Artisti da copertina. Parola a Matteo Montagna
La copertina del nuovo numero di Artribune Magazine è firmata da un artista innamorato dello sport e cresciuto nel solco della cultura pop. Lo abbiamo intervistato.
Nato e cresciuto in provincia, sin da piccolo Matteo Montagna ha coltivato una forte passione per lo sport, in particolare per il basket e il calcio. Nella vita e nel lavoro ha conservato lo spirito ludico, l’entusiasmo e la spontaneità di un bambino, perché ci dice: “È fondamentale divertirmi mentre creo. Gioco mentre lavoro e viceversa”. Le sue opere, frutto di performance, installazioni, fotografia e grafica, sono un concentrato di cultura hip hop, sport, folklore e influenze pop. È anche un abile disegnatore e illustratore, che si diverte a lanciare messaggi e lasciare segni su magliette, calze e cappellini, nello stesso modo in cui uno street artist lo fa sui muri delle città.
Carta d’identità.
Ehilà! Nato e cresciuto in Brianza, 1992.
Quando hai capito che volevi fare l’artista?
Quando ho capito che m’incuriosiva osservare.
Hai uno studio?
Sì, in Brianza. Grazie Dado!
Quante ore lavori al giorno?
Dipende.
Preferisci lavorare prima o dopo il tramonto?
Appena prima del tramonto, con luce naturale e morbida.
Che musica ascolti, che cosa stai leggendo e quali sono le pellicole più amate?
Amo Rino Gaetano. Ascolto musica italiana Anni Settanta-Ottanta. Mi piace la cultura hip hop. Sto leggendo Il buon abitare (Iñaki Ábalos), sono abbonato alla rivista Undici, che tratta di calcio in maniera molto seria e interessante, e sto rivedendo il catalogo di una mostra di Francis Alÿs al MALBA di Buenos Aires. Pellicole: Non essere cattivo (Claudio Caligari), Il sorpasso (Dino Risi), Dumbo e Totò.
Un progetto che non hai potuto realizzare, ma che ti piacerebbe fare.
Ho sempre voluto giocare una partitella di calcio, 2 vs 2, in uno spazio espositivo, utilizzando la struttura limitante dello spazio come campo, senza alcuna modifica. All’esterno un truck con salamelle e birra fresca!
Qual è il tuo bilancio fino a oggi?
Essere fortunato a coltivare questa passione.
Come ti vedi tra dieci anni?
A viaggiare su una jeep, collaborando a più progetti possibili e con più capelli!
Il gioco è un elemento imprescindibile nel tuo lavoro: stampi di macchinine in gesso, palloni sgonfiati e squarciati, cappellini colorati da basket con slogan.
È fondamentale divertirmi mentre creo.
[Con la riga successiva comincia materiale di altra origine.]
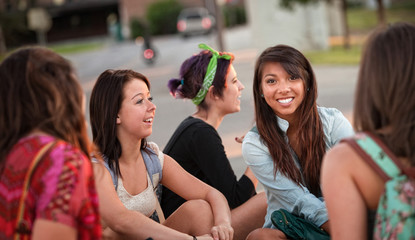 Fototapeta na wymiar Diverse Group of Teenage Girls Talking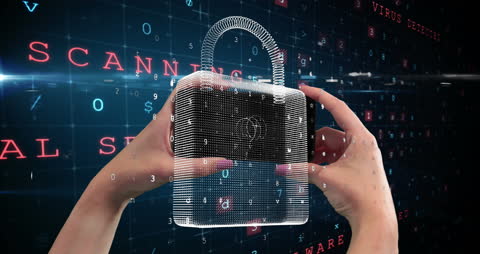 Digital Security Symbol with Hands Interacting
Gioco mentre lavoro e viceversa. Ci sono regole da rispettare nel gioco, non è solo un’attività divertente. Quello che m’interessa è giocare creando, si tratta di un atteggiamento esteso anche alla mia vita.
Se ti dico Peter Pan.
Rispondo Daffy Duck.
Un altro aspetto fondamentale è lo sport.
Pratico sport dall’età di sei anni. Ho giocato a calcio per molto tempo, alle elementari praticavo anche basket e ricordo che i miei genitori non ne potevamo più dopo cinque anni – giocavo al sabato a basket e la domenica a calcio – ma li ringrazio molto. Dell’aspetto sportivo m’interessano tutte le dinamiche che si creano, come far parte di un team, compiere un’azione per fare goal o punto, emozionarsi quando si calpesta un campo d’erba, le stesse esultanze dopo un goal, usare il corpo per compiere degli sforzi apparentemente inutili. Ultimamente ho riguardato le performance di Matthew Barney, Drawing Restraint.
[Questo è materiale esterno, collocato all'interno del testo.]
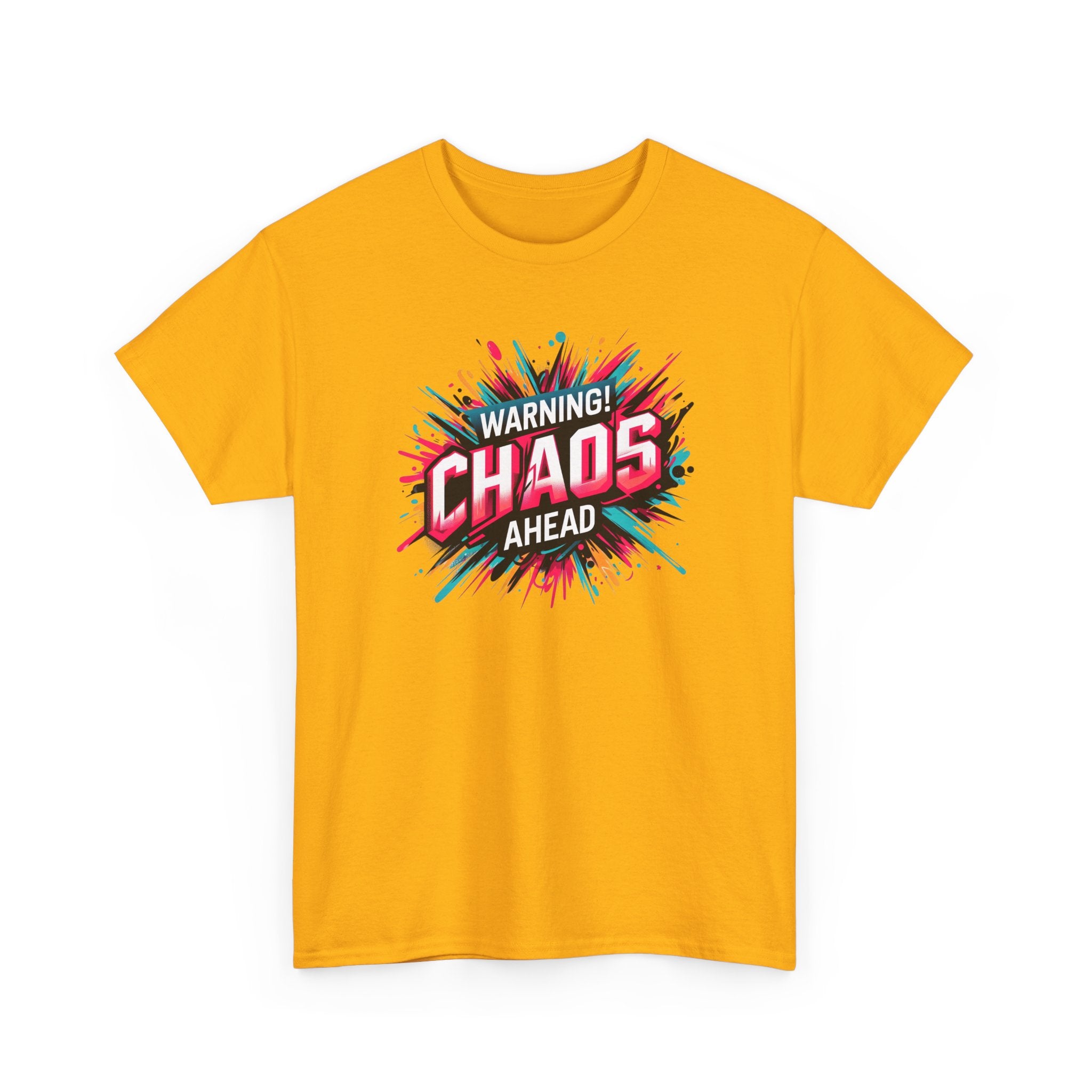 Chaos Ahead Graphic Tee — Warning! Colorful Explosion Design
La provincia è la tua maggiore fonte d’ispirazione. Più che in studio, le tue opere nascono dalla strada.
Rispetto a una città, la provincia ha una mentalità più chiusa, ma allo stesso tempo è genuina e umile. C’è un grande senso di comunità e le cose procedono più lentamente.
>Mi piace pensare che lo svolgimento della mia pratica artistica sia simile al corteggiamento che si mette in atto per conquistare una donna. Ironico. Sportivo. Ingenuo. Scemo pagliaccio”. Che cosa intendevi dire?
Quando corteggi una persona, c’è sempre quella parte d’attesa dove succede tutto. Dove si è curiosi, euforici, eccitati, ingenui. Mi piacerebbe protrarre questo momento. Nel mio processo creativo mi sento così, un momento che solo tu puoi godere. Poi c’è quella parte più noiosa e automatica del risultato. Scemo pagliaccio è un soprannome datomi all’università.
Quanto l’aspetto performativo è influente nella tua pratica?
Da sportivo mi viene naturale performare. Un atto che per ora conservo nel processo creativo. Come costruire un’azione da goal, c’è un percorso necessario per arrivare al risultato finale, ma lo spettacolo rimarrà il goal.
Le tue opere sono 100% pop da un punto di vista formale. La tua non è una critica al consumo ma un elogio del ludico, un’esaltazione della parte infantile in ognuno di noi.
Esattamente! Un mio amico scrisse di me in questi termini: “Nel suo lavoro, ‘bambino’ smette di essere identità sociale e diventa pratica ferrea, una dottrina fatta di sconfinate autorità e leggerezza, il sommo potere di creare parentesi eterotopiche in cui storie di successi e sconfitte si articolano nel rettangolo di un cortile”.
Sei un abile disegnatore e illustratore. Quali sono i progetti che stai portando avanti in quest’ambito?
Sto illustrando su magliette, calze e cappellini.
Com’è nata l’immagine inedita che hai creato per la copertina di questo numero?
Quando mi hai proposto la copertina, ho pensato che era come vincere un premio sportivo, come il desiderio di un bambino di alzare una coppa. In questo caso ho guadagnato la copertina di Artribune, così l’ho trattata come se fosse un premio e ho creato Sbaaam.